__GIVEN MATERIAL__:
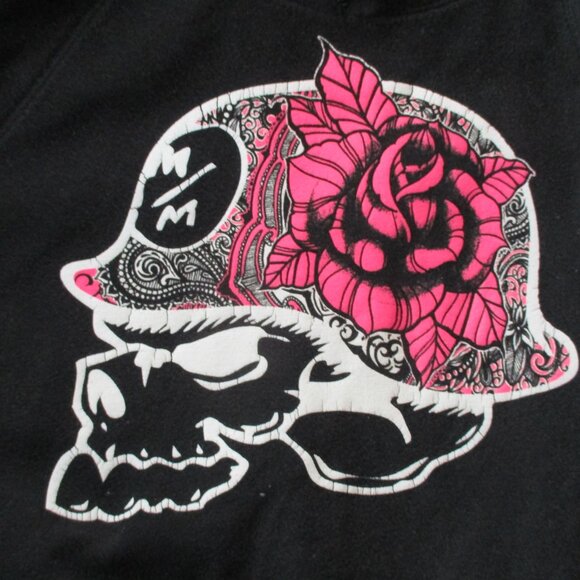 🖤 Skull & Rose Hoodie + Sheer Pink Wrap🧣 – Edgy Streetwear Vibes 🌹✨ - Picture 2 of 6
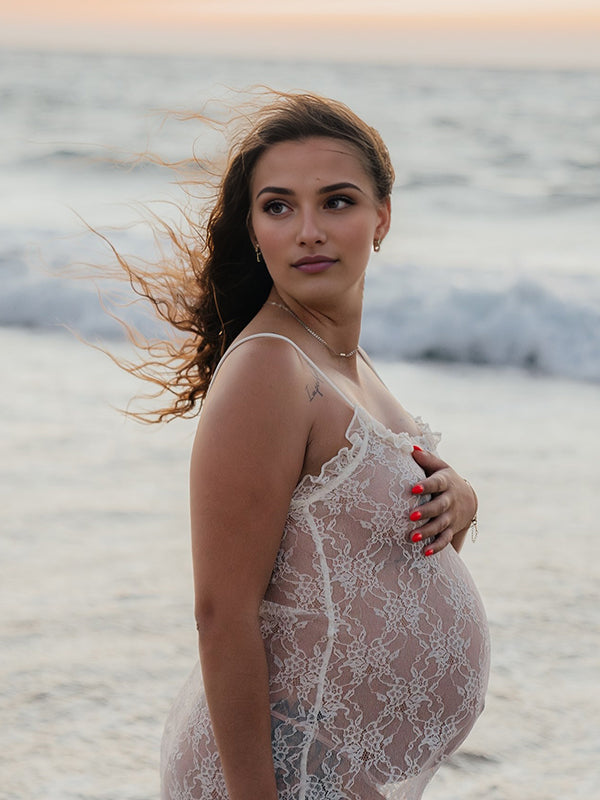 Mumsmode Zwangerschaps Maxi Fotoshoot Jurk Chique Kanten Transparant Ruches Spaghetti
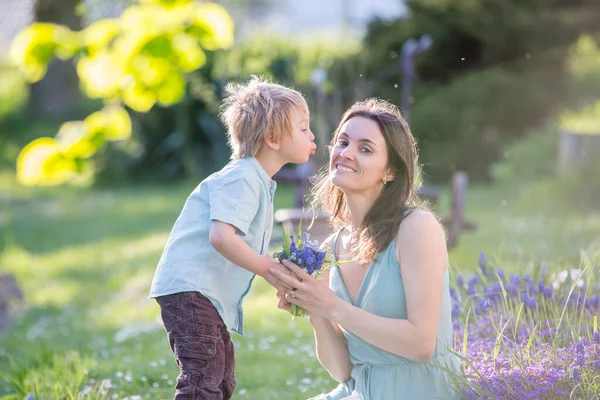 Gyönyörű Gyerek Anya Spring Parkban Virág Ajándék Anya Ajándékot Kap — Stock Fotó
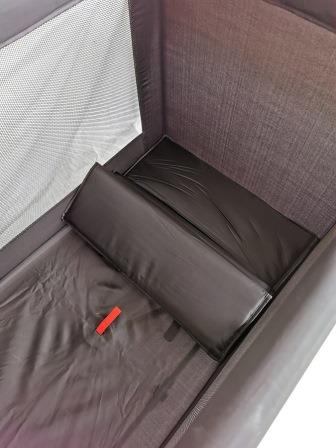 BabyDan cestovní postýlka Black v tašce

__WHAT THE TASK ASKS__:
An exact transcript is required, covering the lines from the one containing "Gyönyörű Gyerek Anya" through the end of the listing above, inclusive, without pictures.

__SOLUTION TO THE PROBLEM__:
 Gyönyörű Gyerek Anya Spring Parkban Virág Ajándék Anya Ajándékot Kap — Stock Fotó
 BabyDan cestovní postýlka Black v tašce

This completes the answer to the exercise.